I concur...for I've worked my ass off studying and can't imagine how I can work "harder." Granted...I don't have all sorts of hours at my disposal, but I definitely studied as hard as possible with the limited time I have. And I thought I was ready...many times over.

That said, I've signed up for a study course, five weekends in a row, Saturday and Sunday all day...if this doesn't do it, then nothing will. So that is my suggestion...but it hasn't been proven so take it with a grain of salt.

Also, remember there are many who've taken it way more than two times...so hang in there. You're not alone.

Good luck...three times the charm (at least you can't strike out!)


----------



## principal (Jan 24, 2011)

JHood said:


> Shaggy said:
> 
> 
> > I don't see you mentioning the NCEES sample exam. I would recommend getting the 2008 and 2001 version of that if possible. Also, the PPI sample exam, not just the MERM practice problems. I wouldn't spend too much time on Shigley problems as they are not intended to be representative of the PE exam.
> ...


Forget reviewing MERM, you already did that. Work problems. Practice tests and practice problems. You'll be reviewing MERM while you flip back through it to find equations. Get the practice tests! Why do you not have those???!?!?!?! I guess I'm totally confused on you taking the test twice but not taking either the NCEES or PPI practice tests? Forget doing Shigley problems...your focused on the wrong material. The practice tests and practice problems exist because they work. Stick to those.

If I were you I'd do a practice test, all the PPI practice problems thats matter (you don't need to do the math problems...), and the other practice test. Then do them again if you still have time. You'll do great. You obviously have the knowledge and will to do it, just don't get sidetracked and stay focused on the practice material.

Best of luck.


----------



## oluade PE (Jan 25, 2011)

principal said:


> JHood said:
> 
> 
> > Shaggy said:
> ...


The trick to the exam is not to be panic on the day of the examination. Be relaxed and have confident in yourself. It may seem very easy, but many people ignore this basic reality. The exam is a test of your organization ability, ability to remeber where to find the right information quickly couple with having stidied hard enough. Concentrate on other area in the depth module and study them as if you are going to take them in the afternoon. That was the trick i used. I wanted to take HVAC but i equally studied T&amp;F hard enought that i am equally preapred for the two. MD is my weak are but i masterd the basic i knew is sufficient for AM. With ample time ahead of you, you need to sudy all the three modules as if you are going to take them in the PM, then you will see that come oct. 2011, you will have been prepared enough to pass the exam. On the day of the exam, be relaxed, scan through all the questions, do the one you are able to do first and shade them in the scantron making sure that you shade the right answer for the right question. Leave difficult question first. After you complete the easy question, then spend time to go through the difficult ones. Guess when all efforts to work out difficult question failed. Time is of essence in this exam. spend your time wisely. Work out all the 6MS, NCEES 2008 and 2001, take practise test before the examination and use it to know where you stand. Use AM to boost your chance because PM is always very difficult.

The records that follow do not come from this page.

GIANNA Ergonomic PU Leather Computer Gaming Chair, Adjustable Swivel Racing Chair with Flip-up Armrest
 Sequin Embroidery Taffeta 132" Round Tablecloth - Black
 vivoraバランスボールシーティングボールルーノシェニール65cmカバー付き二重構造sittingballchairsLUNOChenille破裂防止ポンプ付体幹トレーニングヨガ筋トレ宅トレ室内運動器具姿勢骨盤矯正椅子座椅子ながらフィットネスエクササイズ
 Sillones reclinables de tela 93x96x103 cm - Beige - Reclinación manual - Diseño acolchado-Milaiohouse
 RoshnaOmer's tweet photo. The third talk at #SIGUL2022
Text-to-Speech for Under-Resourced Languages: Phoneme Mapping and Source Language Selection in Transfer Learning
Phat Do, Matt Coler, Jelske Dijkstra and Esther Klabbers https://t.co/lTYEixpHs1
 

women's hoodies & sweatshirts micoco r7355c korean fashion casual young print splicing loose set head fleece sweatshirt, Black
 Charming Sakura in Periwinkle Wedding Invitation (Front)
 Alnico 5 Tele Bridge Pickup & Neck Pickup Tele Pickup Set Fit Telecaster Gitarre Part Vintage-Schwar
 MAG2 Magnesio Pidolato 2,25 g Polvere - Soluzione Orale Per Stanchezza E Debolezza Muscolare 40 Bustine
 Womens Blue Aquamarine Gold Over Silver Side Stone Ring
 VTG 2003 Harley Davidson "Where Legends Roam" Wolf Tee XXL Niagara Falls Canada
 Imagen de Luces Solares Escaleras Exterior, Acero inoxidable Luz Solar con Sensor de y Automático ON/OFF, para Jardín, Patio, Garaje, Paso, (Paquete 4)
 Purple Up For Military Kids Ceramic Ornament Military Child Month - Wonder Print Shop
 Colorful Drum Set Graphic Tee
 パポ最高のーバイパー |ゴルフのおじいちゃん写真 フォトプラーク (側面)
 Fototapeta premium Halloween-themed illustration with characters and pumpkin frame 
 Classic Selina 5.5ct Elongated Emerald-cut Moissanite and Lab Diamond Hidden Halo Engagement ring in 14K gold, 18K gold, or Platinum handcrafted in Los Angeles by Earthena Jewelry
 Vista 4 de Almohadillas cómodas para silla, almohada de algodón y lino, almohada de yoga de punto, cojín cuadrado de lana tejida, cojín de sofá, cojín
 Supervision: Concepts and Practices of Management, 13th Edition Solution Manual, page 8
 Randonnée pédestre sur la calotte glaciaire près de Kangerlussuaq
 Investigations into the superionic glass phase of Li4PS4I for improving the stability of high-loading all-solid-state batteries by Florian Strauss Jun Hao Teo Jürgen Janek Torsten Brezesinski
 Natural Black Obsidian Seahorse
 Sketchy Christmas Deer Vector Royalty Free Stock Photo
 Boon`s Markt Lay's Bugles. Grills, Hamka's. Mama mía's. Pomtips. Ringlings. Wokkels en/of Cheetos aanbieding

Thank God i passed the first time having applied all this techniques i outlined above.

Good Luck.

Oluade PE.


----------



## JHood (Jan 25, 2011)

I appreciate the input from everyone. The general sense from everyone and myself is to work practice problems and don't emphasize on MERM, but rather go back and forth to the MERM while working out problems.

In regards to test taking skills, when I sat for the October exam I was completely calm, felt well prepared, finished early for both the breadth and depth, and thought the exam was pretty easy. I didn't think there were too many "gotcha" problems, but there were a handful that I thought could have been 1 of 2 answers.

Anyway I want to get started soon but my main goal of this thread is to see if anyone has started to study for an October PE in January or February and see what type of study outline they used and if it was successful.

i.e. Problems,

I can figure it out for myself, but I am interested if anyone followed some sort of guidance similar to below:

February: Refresh/skim MERM, MERM Practice Problems T/F

March: MERM Practice Problems HVAC

April: MERM Practice Problems MD

May: NCEES Practice Exam

June: Lindeberg Practice Exam

July: NCEES Practice Problems

August: NCEES Practice Problems, 6MS

Sept: 6MS

Oct: 6MS, NCEES Practice Exam


----------



## Relvinim (Jan 25, 2011)

JHood said:


> I appreciate the input from everyone. The general sense from everyone and myself is to work practice problems and don't emphasize on MERM, but rather go back and forth to the MERM while working out problems.
> In regards to test taking skills, when I sat for the October exam I was completely calm, felt well prepared, finished early for both the breadth and depth, and thought the exam was pretty easy. I didn't think there were too many "gotcha" problems, but there were a handful that I thought could have been 1 of 2 answers.
> 
> Anyway I want to get started soon but my main goal of this thread is to see if anyone has started to study for an October PE in January or February and see what type of study outline they used and if it was successful.
> ...


I started in January for the Oct 10 exam and this was my outline. Keep in mind I graduated from college in 87 so I was out a long time.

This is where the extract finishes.